This week, Opower will join more than 350 utility industry leaders at European Utility Week in Amsterdam to tackle the major energy issues facing Europe.
As we’ve previously reported, the continent is confronted by a trilemma of energy challenges: the need to increase investment in renewable and low carbon generation; the need to ensure a security of energy supply; and, the need to maintain affordable energy prices.
As part of a comprehensive framework to address these challenges, the European Union recently set an aggressive, overarching emissions reduction target of 40% below 1990 levels, to be achieved by 2030.
Meeting this overarching goal will require a number of actions by an ensemble of European nations, with the United Kingdom playing a central role.
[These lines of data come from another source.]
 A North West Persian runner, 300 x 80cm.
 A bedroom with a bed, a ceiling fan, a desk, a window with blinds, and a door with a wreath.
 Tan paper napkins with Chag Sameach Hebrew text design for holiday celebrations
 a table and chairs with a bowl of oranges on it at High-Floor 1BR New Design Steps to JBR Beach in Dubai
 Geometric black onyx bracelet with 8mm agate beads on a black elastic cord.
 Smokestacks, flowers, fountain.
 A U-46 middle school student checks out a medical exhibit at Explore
The UK has already announced a related target for lowering annual household energy consumption by 2020. The UK’s Department of Energy and Climate Change (DECC) currently aims to reduce the nation’s average annual household energy bill in 2020 by about 23% relative to its expected level in that year.
In October, PricewaterhouseCoopers (PwC) released a report to shed some light on the UK’s progress towards this goal. The report -- Energy 2020 Tracker: Keeping Energy in Balance -- finds that a multitude of stakeholders will need to take a variety of steps to reduce the nation’s energy demand and hit DECC’s 2020 goal.
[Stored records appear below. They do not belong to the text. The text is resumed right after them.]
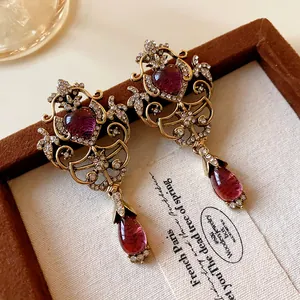 Detailed view of vintage gold earrings with purple heart stones and red teardrop drops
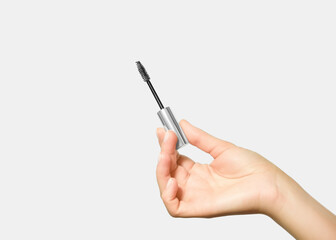 hand holding a brush with eyelash and eyebrow care serum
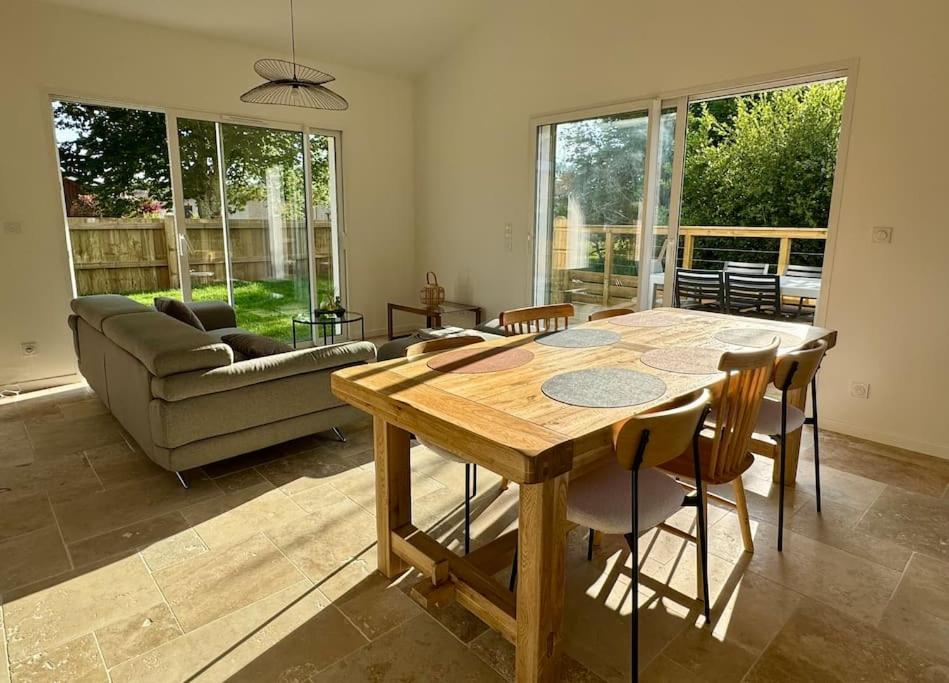 un salon avec une table et des chaises en bois dans l'établissement Villa à deux pas du Lac, à Léon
Indeed, it will require an unprecedented and concerted effort, especially on the part of policymakers, utilities, and energy consumers. The PwC report highlights specific actions that all three players will have to take: policymakers will need to implement policies that further incentivize energy efficiency for utilities and consumers; utilities will need to employ innovative technology to better engage their customers; and, consumers will need to significantly reduce their energy use.
Before demand reductions, the 2020 average annual energy bill for British households is estimated to be £1,736, £405 more than the current 2020 annual bill target. (Source: PwC)
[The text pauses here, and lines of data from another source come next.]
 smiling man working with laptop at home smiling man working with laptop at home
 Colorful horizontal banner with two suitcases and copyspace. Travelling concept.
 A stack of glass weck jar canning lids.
There will be a particularly heavy reliance on energy consumers to meet the 2020 bill target. Fortunately, data clearly shows that customers want to reduce their energy use -- but they do expect some personalized guidance and resources from their energy provider to make it happen.
To this end, leading European utilities like E.ON UK are taking some innovative steps to help engage their customers and empower them to reduce their bills. Last year, E.ON launched the Saving Energy Toolkit to more than 5 million customers in the UK. Among other things, the program allows customers to see how their energy usage compares to other similar E.ON customers’ homes, understand their energy use patterns throughout the year, and view a breakdown of monthly energy costs.
So far, the program is showing great success in elevating the level of engagement among E.ON customers. In late 2013, E.ON UK was getting about 250,000 hits per week on its consumer-facing website. Within three weeks, the website was receiving a whopping 500,000 hits per week. This successful approach has already garnered E.ON several accolades, including EURELECTRIC's Company of the Year and European Cleantech Corporation of the Year.
E.ON shows that great work is being done to meet the UK’s and Europe’s energy goals as a whole. But, there's still a long way to go -- for policymakers, utilities, and energy consumers alike -- to achieve the UK's 2020 bill target and Europe's overarching 2030 goal.